Wall Street Journal, THE DAILY FIX
By CARL BIALIK AND JASON FRY
Epic Performance by LeBron James Puts Cavs on Brink of NBA Finals
June 1, 2007 11:47 a.m. EDT
It all seems so long ago. The pass. The foul not called. The identical losing scores.
Last night the Cleveland Cavaliers beat the Detroit Pistons, 109-107, in a double-overtime thriller that gave them a 3-2 series lead in the NBA's Eastern Conference finals. And nobody, but nobody, had any reservations about the performance of the Cavs' LeBron James -- 48 points, including an amazing 29 of his team's final 30.
"If you missed this one last night, you did yourself an epic disservice," writes Chris Sheridan on ESPN.com. "Go find someone who TiVO'd or videotaped it, fast forward to midpoint of the fourth quarter, then sit back and prepare to be awestruck. This performance was one that'll be talked about for ages, a testament to greatness that'll rank right up there with Reggie Miller's 8 points in 8.9 seconds, Michael Jordan's 63-point coming out party in the Boston Garden, or his 'flu game' in Utah, Magic Johnson's 42-point outburst while playing center in Game 6 of the 1980 finals."
The Akron Beacon Journal's Brian Windhorst, moonlighting for ESPN.com, explains how that 48-point explosion didn't come out of nowhere, looking at key games in Mr. James's development as a player.
"So many gyms, layers of challenges and moments of failure led James to the mindset he took into the fourth quarter," Mr. Windhorst writes, adding that "perhaps there has never been a basketball player more watched, poked and analyzed by the age of 22 than James. His talent and ability to carry his various teams has provided so many opportunities for smashing success or crushing failure. He has taken all of them in his own personal stride. He almost never admits to making a mistake, he usually downplays the significance of losses by saying he's not disappointed, and he never seems to give himself an ultimatum. Yet there's no doubt he is learning and growing from each momentous experience."
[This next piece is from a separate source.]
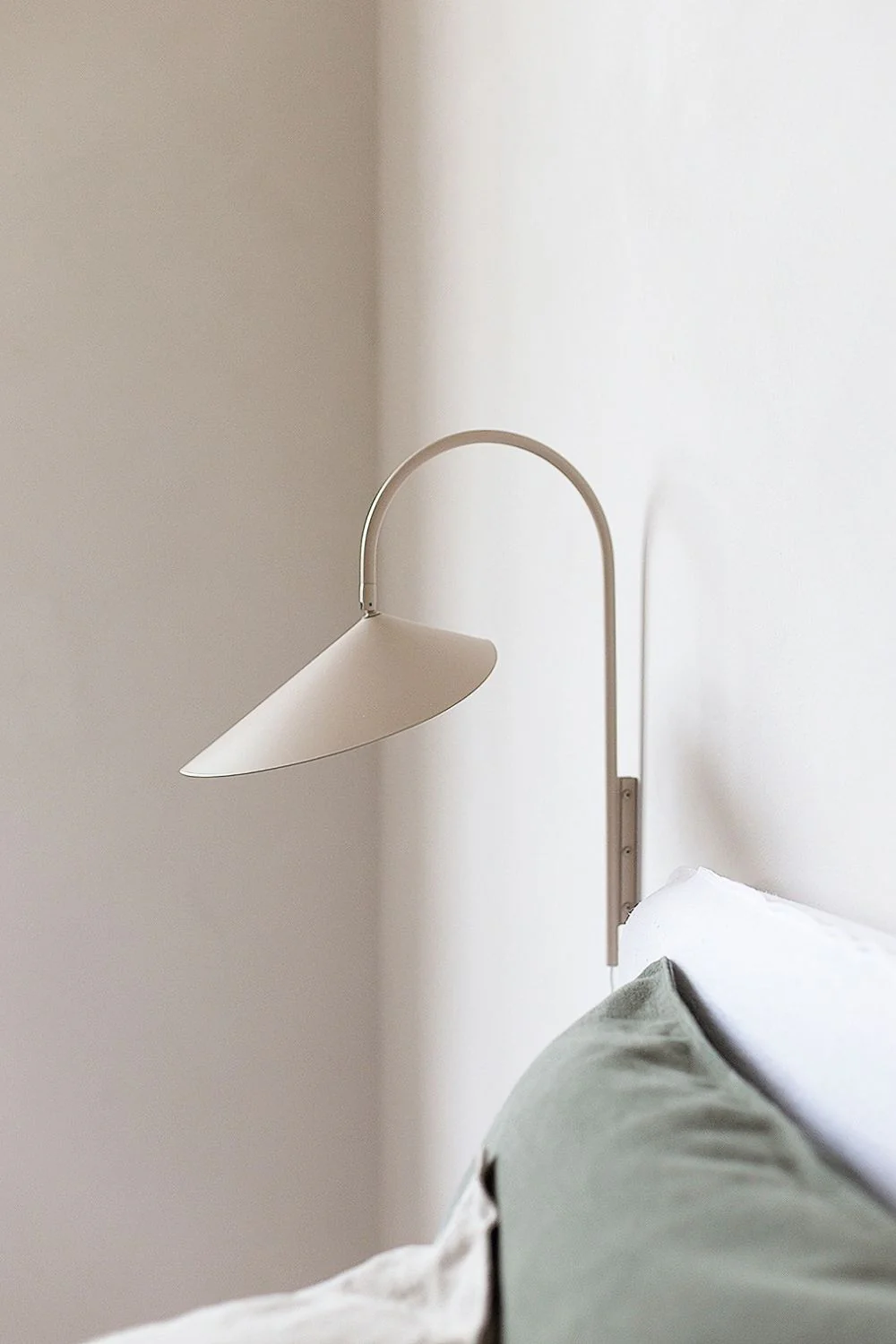 Arum Creative Wall Lamp - Image 16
In Detroit, the Free Press duo of Drew Sharp and Mitch Albom can only gawk in amazement.
"My eyes have now seen," Mr. Sharp writes. "I am officially a Witness. … The Pistons find themselves in a similar situation as last year against Cleveland, but the problem is that there's nothing similar about this Cleveland. The King is ready to assume the throne."
"In the end, it was a night that begged a simple question: Who would stand up to win the thing?" Mr. Albom writes. "You knew it would be one man. But one against five? Normally, that's a no-brainer. But LeBron James is not normal. And at 22, he is likely on his way to an NBA Finals to prove it."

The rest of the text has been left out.